Polypipe has had a strong start to the year, the shares are up 9.2% YTD at 353p and the 2016 numbers announced this morning indicate a large part of the reason for that support. The share price is up 60% on the July 2016 low point. The numbers today show revenue up 24% to £437m (9% on an L4L basis) and the underlying operating profit is up 28% at £69m. Underlying EPS rose last year by 29% to 25.0p which is a little ahead of expectations and the dividend was also raised by the same percentage to 10.1p for the year. Net debt was down £30m at £164m which is the only element of concern that outsiders might have as it remains high at 1.9x trailing EBITDA. But with cash conversion from operating profit at 97% last year, a positive outlook and the borrowings are at a low coupon this aspect is not a constraint. The company expects to increase capital expenditure in 2017 by 30%, some of which is catch up on projects delayed last year in the post Referendum hiatus. More below
Balfour Beatty was the best mover yesterday rising 1.7% to 269.3p. (Question to Editor, when did we last write that?) The post results dip was not justified on fundamentals; in our view so the floor at 263p is well supported, we believe and 300p is probably the most “sensible” mid-term target price at present. Carillion also regained most of the dip in the price that followed negative broker comment made two days ago; it rose 0.9% to 217p. Atkins saw some support rising 0.9% to 1488p, which is roughly the level it was at prior to the news that it might be a bid target. It is slowly creeping upwards but the share price, unlike the company, is not firing on all cylinders at the moment and that is the opportunity.
Berendsen, who loves ya? Nobody at present, it would seem, as the price has drifted downwards to 740p at close yesterday, the lowest level since March 2013. It’s not going to plan for new CEO James Drummond and it’s pretty clear why, at least to us. All the management effort is on a massive number of operational developments that are too confusing for Joe Average and, at the same time, the strategic picture in main its markets is changing. Limited attention seems to be paid to that in public statements. Mmmm. 2.7m Berendsen shares were traded yesterday, which is not a lot but still quite representative of present sentiment. Optically the stock looks very cheap as consensus forecast are at 63p of EPS this year and there are no balance sheet and pension issues to be concerned about. It looks primed for share price recovery but credibility is currently in short supply.

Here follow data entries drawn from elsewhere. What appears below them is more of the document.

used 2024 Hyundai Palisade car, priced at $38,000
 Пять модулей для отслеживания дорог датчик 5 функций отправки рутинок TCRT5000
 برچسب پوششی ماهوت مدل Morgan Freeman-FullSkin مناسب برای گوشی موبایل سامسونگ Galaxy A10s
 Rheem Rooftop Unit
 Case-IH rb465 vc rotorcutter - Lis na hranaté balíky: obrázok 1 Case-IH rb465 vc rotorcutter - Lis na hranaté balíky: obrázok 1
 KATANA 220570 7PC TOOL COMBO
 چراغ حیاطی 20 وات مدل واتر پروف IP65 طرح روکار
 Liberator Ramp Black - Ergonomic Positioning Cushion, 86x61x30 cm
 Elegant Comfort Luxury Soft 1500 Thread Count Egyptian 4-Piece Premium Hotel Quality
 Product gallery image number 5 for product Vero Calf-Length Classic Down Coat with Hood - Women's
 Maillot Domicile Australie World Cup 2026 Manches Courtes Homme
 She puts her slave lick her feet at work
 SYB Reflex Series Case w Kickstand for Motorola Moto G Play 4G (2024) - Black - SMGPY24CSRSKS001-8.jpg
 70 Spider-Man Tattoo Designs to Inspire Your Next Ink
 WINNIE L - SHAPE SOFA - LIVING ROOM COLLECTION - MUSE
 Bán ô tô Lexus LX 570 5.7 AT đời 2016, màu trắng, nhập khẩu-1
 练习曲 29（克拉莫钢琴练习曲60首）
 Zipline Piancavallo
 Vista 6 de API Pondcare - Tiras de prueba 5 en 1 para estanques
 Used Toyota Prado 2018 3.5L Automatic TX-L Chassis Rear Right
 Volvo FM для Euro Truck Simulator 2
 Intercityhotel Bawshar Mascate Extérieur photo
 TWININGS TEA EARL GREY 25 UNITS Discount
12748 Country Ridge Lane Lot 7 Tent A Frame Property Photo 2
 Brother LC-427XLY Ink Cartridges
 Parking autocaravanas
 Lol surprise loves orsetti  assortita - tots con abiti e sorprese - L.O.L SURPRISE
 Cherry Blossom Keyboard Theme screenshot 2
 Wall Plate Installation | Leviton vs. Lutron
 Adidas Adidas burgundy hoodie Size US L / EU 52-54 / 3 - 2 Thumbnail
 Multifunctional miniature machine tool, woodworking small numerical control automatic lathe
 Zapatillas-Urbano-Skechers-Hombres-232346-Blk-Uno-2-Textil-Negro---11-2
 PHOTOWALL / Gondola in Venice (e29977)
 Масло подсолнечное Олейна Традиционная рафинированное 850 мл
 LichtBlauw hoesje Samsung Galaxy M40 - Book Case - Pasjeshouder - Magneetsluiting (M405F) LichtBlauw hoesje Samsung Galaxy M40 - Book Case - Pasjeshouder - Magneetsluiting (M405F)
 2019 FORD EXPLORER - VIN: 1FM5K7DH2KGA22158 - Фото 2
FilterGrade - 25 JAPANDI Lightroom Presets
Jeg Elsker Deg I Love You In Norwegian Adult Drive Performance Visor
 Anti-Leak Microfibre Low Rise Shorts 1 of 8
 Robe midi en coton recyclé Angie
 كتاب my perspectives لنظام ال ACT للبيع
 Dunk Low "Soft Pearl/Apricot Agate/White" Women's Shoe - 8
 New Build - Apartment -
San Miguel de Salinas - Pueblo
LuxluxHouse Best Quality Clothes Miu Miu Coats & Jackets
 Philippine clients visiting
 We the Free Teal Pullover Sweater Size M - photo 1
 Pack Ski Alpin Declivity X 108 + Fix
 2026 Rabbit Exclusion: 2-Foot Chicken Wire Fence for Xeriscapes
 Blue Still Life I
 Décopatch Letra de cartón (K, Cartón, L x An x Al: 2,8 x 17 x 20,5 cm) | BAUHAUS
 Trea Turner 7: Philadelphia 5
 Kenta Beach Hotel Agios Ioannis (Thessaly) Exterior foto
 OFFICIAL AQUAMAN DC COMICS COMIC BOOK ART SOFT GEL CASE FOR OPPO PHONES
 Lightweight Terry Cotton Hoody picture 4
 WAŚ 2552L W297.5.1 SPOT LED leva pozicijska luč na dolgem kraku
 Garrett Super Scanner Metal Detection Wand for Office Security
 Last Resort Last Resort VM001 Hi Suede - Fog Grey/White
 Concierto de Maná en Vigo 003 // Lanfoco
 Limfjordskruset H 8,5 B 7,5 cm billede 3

Polypipe has had a very successful return to the quoted arena. Some of the recent focus has been on the problems but Polypipe, Forterra and Ibstock have all matched or done better than expectations since returning to the market. The attractions of PLP when it came back were its well invested plant, strong market positions and growth prospects. Since its return it has consolidated its UK position, expanded the product range and thereby become slightly less dependent on residential and RMI spend and is now investing in the UK and the Middle East for growth. The deal to buy Nuaire, a specialist in Heating and Ventilation mechanisms has proven to be very sound. The deal was done with all debt, hence the high net debt position but in effect the transactions will more than pay for itself and in the meantime investors are getting a positive return. The short term issue is making sure that cost increases incurred principally as a result of FX changes are passed on to customers. So far the experience has been positive and trading 2017 YTD is said to have started well. Some of the recovery will not take place until Q2 and the company indicate that the earnings profile this year may be slightly different than in prior years as a consequence. More data will be available at the meeting at 8.30, we suspect. The main competitor are also affected by cost increases so there is good reason to believe that it’s a market issue and not specific to PLP and the cost of PLP’s products within the projects on which it operates is small. We suspect forecasts will rise a little today but not much given the level of uncertainty ahead on a number of fronts; EPS in 2017 of 27-28p is the likely level.